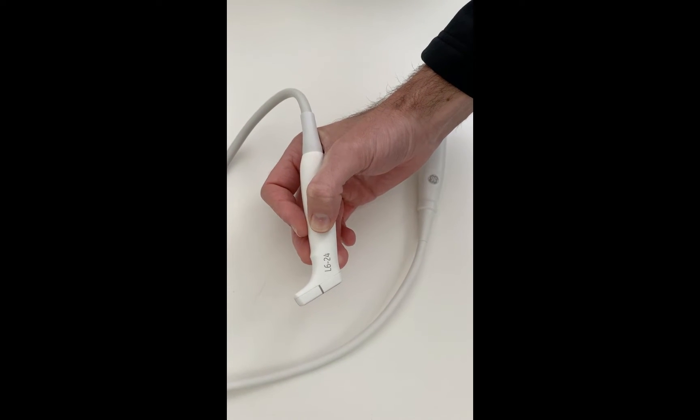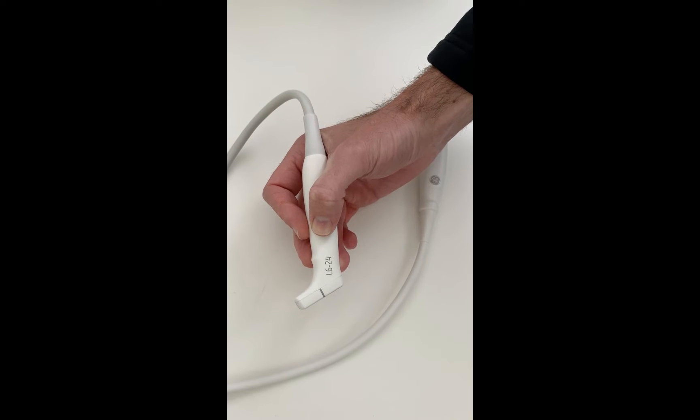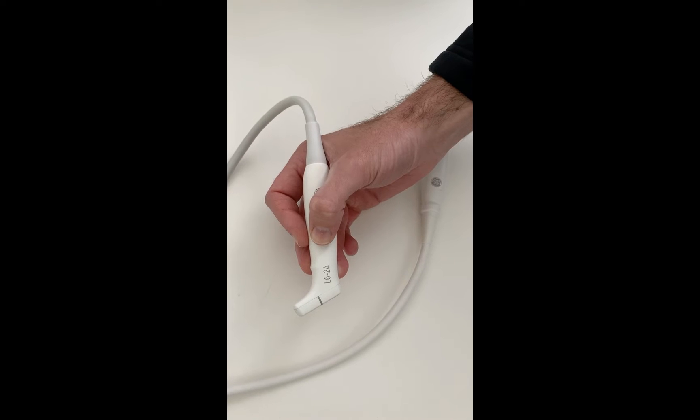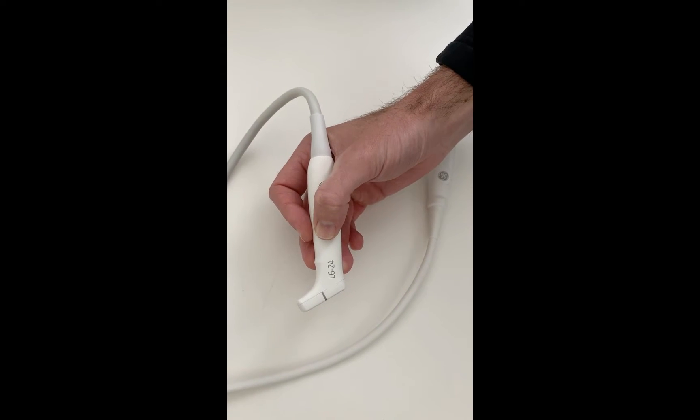We've already known they've had the best hockey stick on the market for a while, but now it's got a bit more punch, a bit more higher frequency — we can do a bit more in the superficial structures, so looking forward to seeing what it can do.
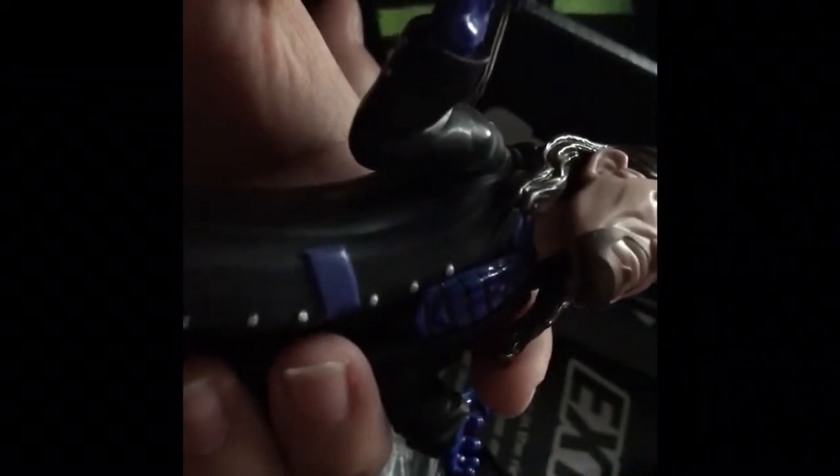If anyone from the Slam Crate Company, Loot Crate, or WWE ever sees this, please give more articulation in these figures. The first Stone Cold one was great because you could move his arms, his head, his legs, his feet. The only downside was that his leg would fall off sometimes. Then the Triple H one - the only thing that moves is his head and his waist. And now this Taker, the only thing that moves is his arm, and it moves up and then down.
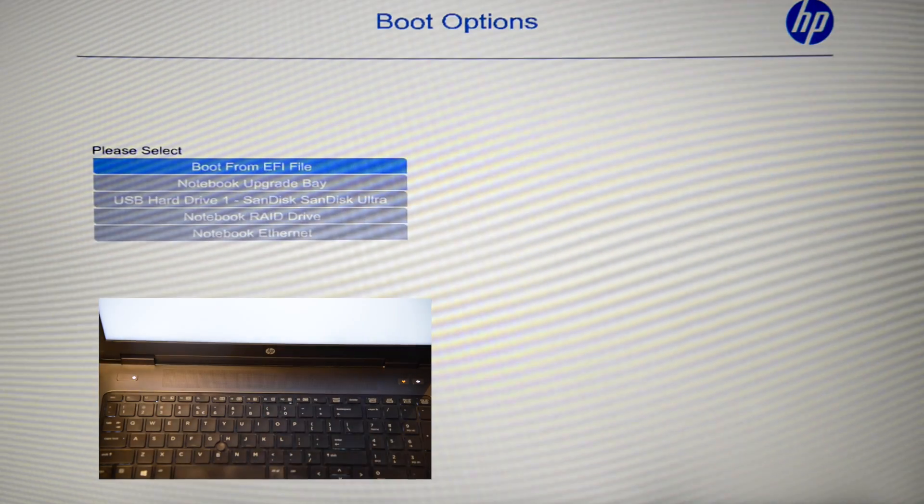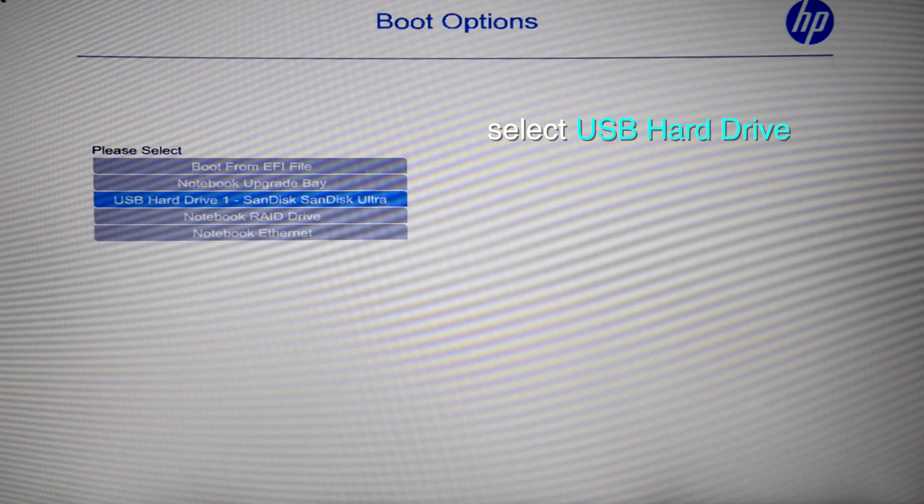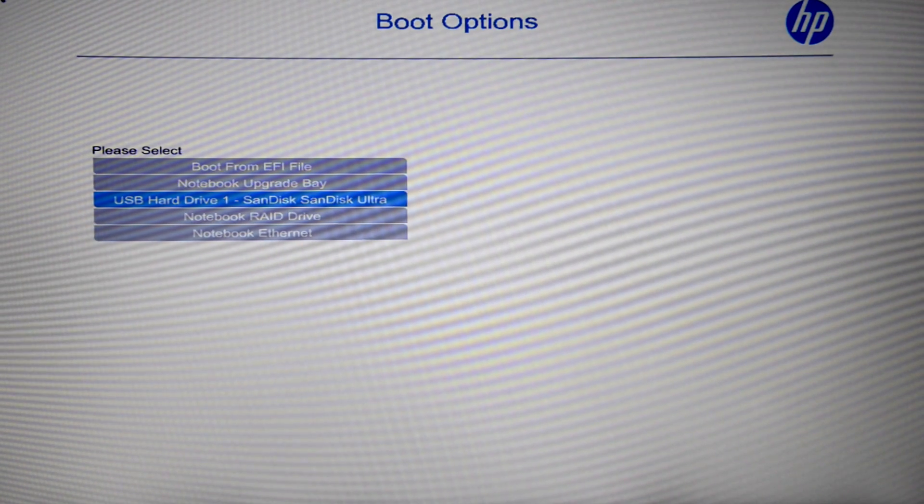The menu will be displayed in which you can choose from which device you want to boot. Go down with the arrow keys to USB hard drive and press enter.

# # # #

● **What to do**
The copy must match the listing above exactly but contain no pictures.

● **Exercise response**
We've already known they've had the best hockey stick on the market for a while, but now it's got a bit more punch, a bit more higher frequency — we can do a bit more in the superficial structures, so looking forward to seeing what it can do.
If anyone from the Slam Crate Company, Loot Crate, or WWE ever sees this, please give more articulation in these figures. The first Stone Cold one was great because you could move his arms, his head, his legs, his feet. The only downside was that his leg would fall off sometimes. Then the Triple H one - the only thing that moves is his head and his waist. And now this Taker, the only thing that moves is his arm, and it moves up and then down.
The menu will be displayed in which you can choose from which device you want to boot. Go down with the arrow keys to USB hard drive and press enter.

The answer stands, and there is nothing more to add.